Refugee Farmers Selling Grain to UN Agency

Self Help AfricaAgriculture & Nutrition, News, Uganda

farmer sells grains to UN

Refugee families in Uganda are earning an income by selling crops to the main UN agency that is feeding hundreds of thousands of displaced people in the country.

An innovative new Self Help Africa project is providing thousands of smallholder households, including 4,000 refugee families, with the opportunity to sell their corn (maize) and other crops to the country’s World Food Programme (WFP) mission.

The training focuses on quality control in the production and post harvest processing of corn, sorghum and beans. It is providing rural poor farmers with access to one of the country’s biggest buyers of the crops –WFP- who currently spend in excess of $40m annually on grain, in Uganda.

“The WFP applies a high standard to the food crops they will buy. Crops need to be free from pests and other contaminants, and be properly cleaned, dried and graded,” explains Uganda Director, Engorok Obin.

8,500 farming households in the west and northwest are participating in the new two-year project, which is part-funded by the UN. Within the region there are a total of 10 refugee settlements who are amongst an estimated 1.4m displaced migrants currently living in Uganda.

Farmers are being trained in post-harvest handling, and are also provided with the opportunity to buy equipment, including clean tarpaulin sheets on which they can dry their crops at a subsidised price.
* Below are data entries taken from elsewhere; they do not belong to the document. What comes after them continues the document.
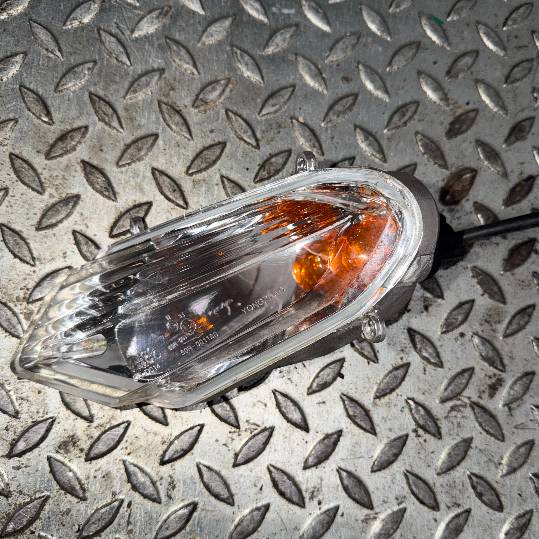 Intermitente delantero izquierdo Kymco Agility City 1ª Serie. 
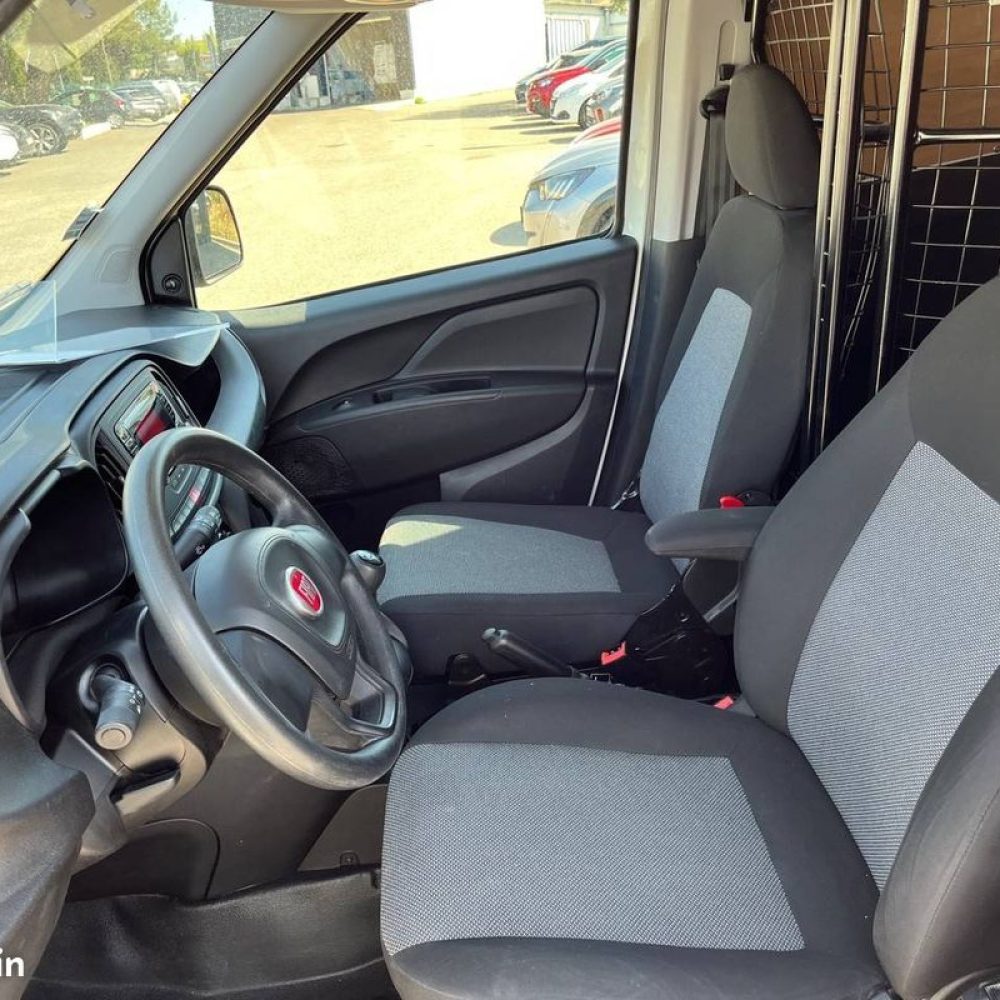 Fiat doblo cargo 1.3l multijet bvm5 pack occasion beausset azur autos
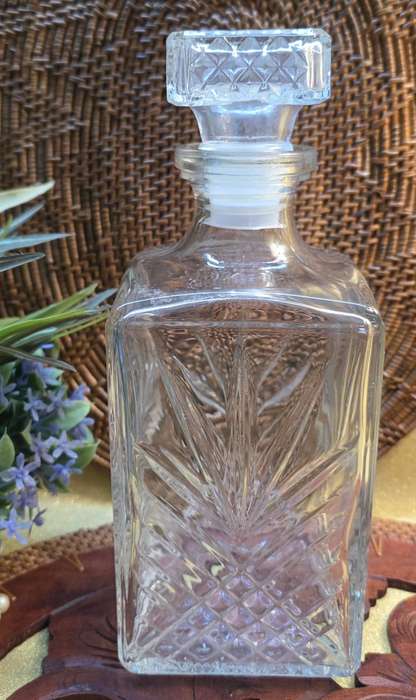 GLASS DECANTER | 02 |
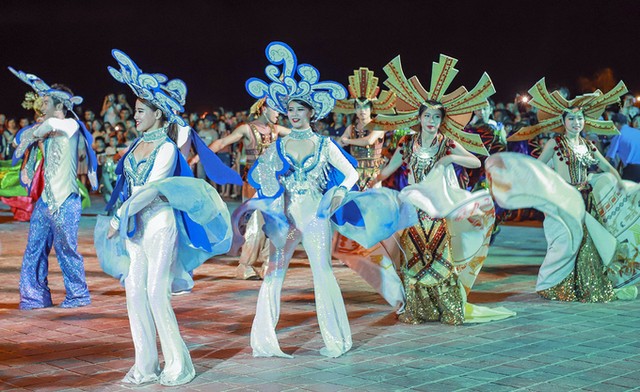 Hàng nghìn người hòa vào Carnaval đường phố ảnh 6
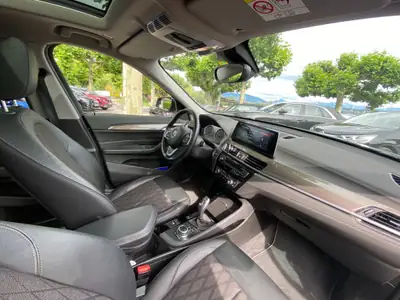 BMW X1 xDrive 20i xLine — SUV compact premium 4x4, toit panoramique ouvrant — Thumbnail 12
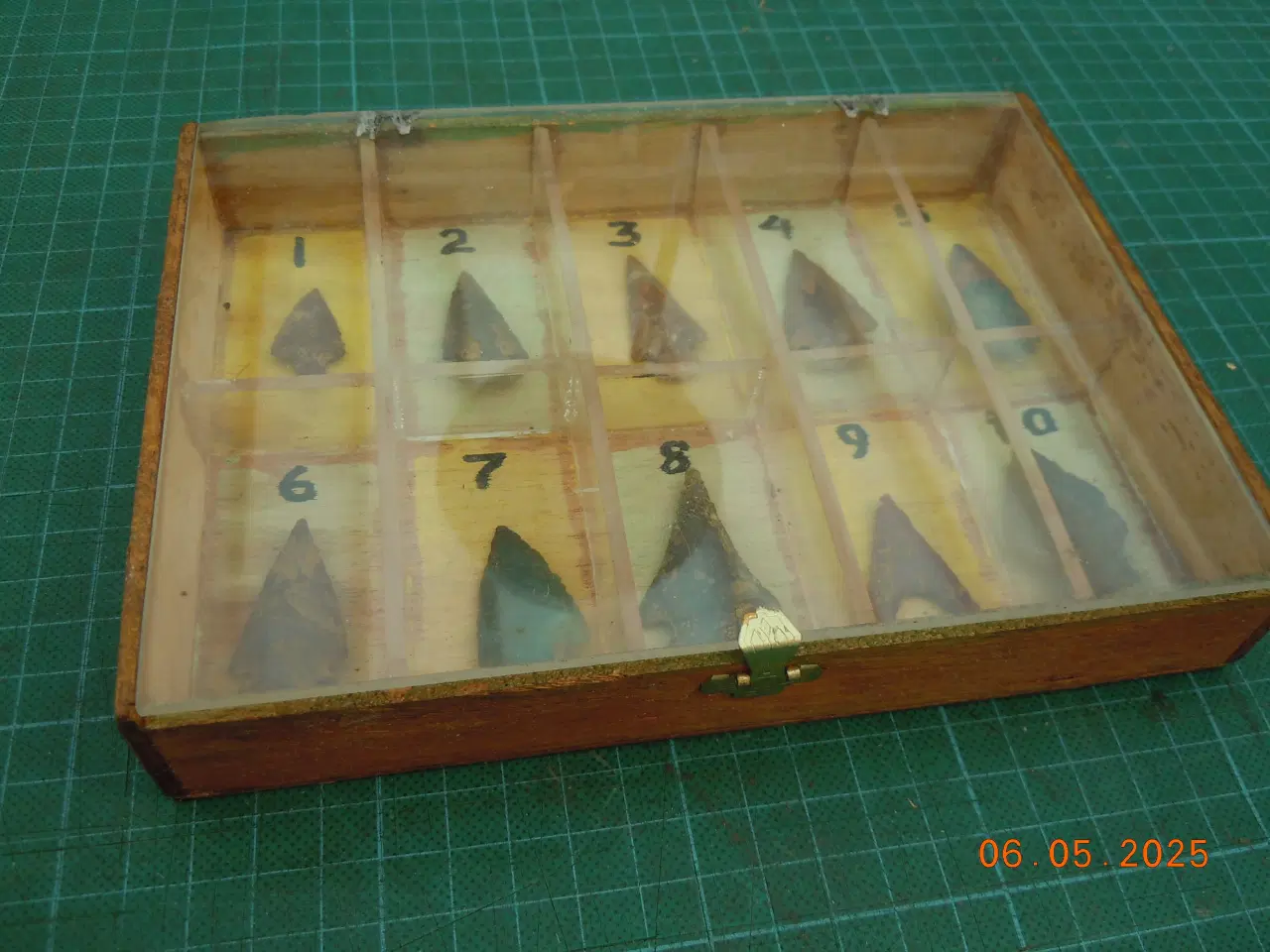 Billede 3 - Flintepilespidser, 10 stk. i samlerkasse.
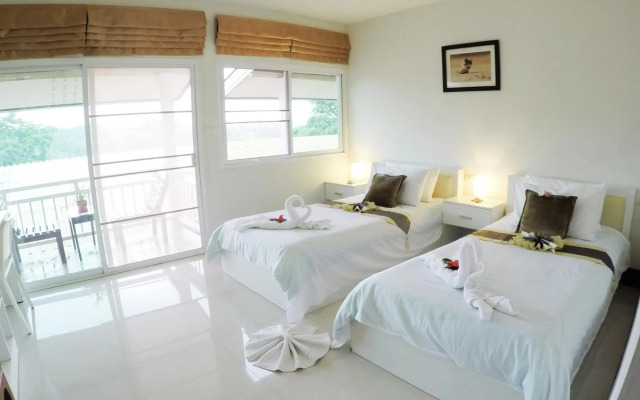 Chiangrai Lake Hill Resort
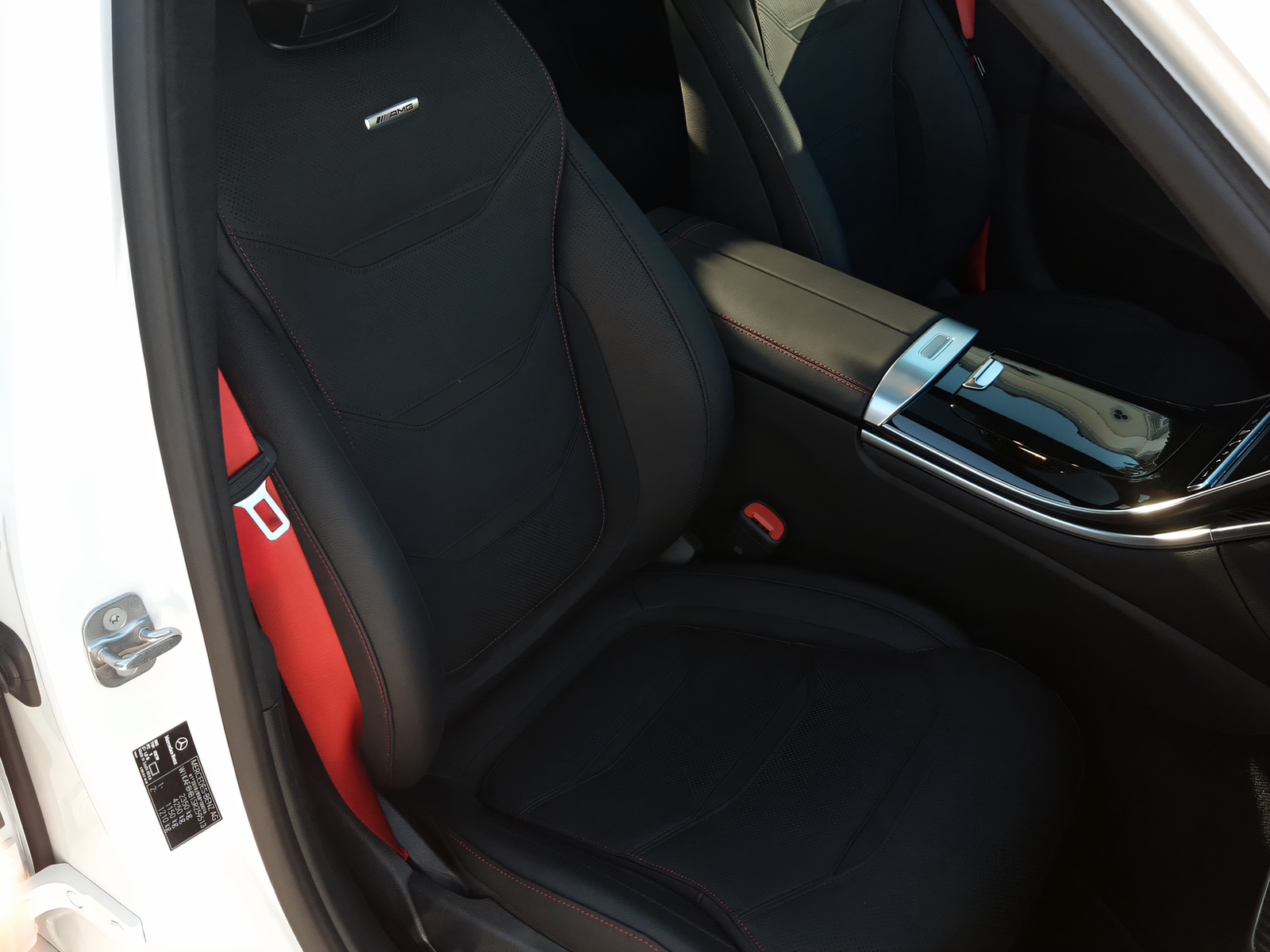 MERCEDES-BENZ C 43 4Matic-image-8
They can also buy high grade grain sacks and hoppers at a reduced cost, so that harvested produce can remain free from contamination.

‘Drying maize on the ground, as happens traditionally, means that it can contain dirt and other contaminants,” Mr. Obin explains. “By supporting farmers to improve both their drying methods and storage we can also ensure that their crops will meet the required standard.”

There is a huge economic dividend to rural poor farming households from this work, as the WFP pays farmers well for good quality grain, and they also have an enormous and ongoing demand for food. The World Food Programme purchased $1.36 billion worth of food from farmers across 93 countries worldwide, in 2016.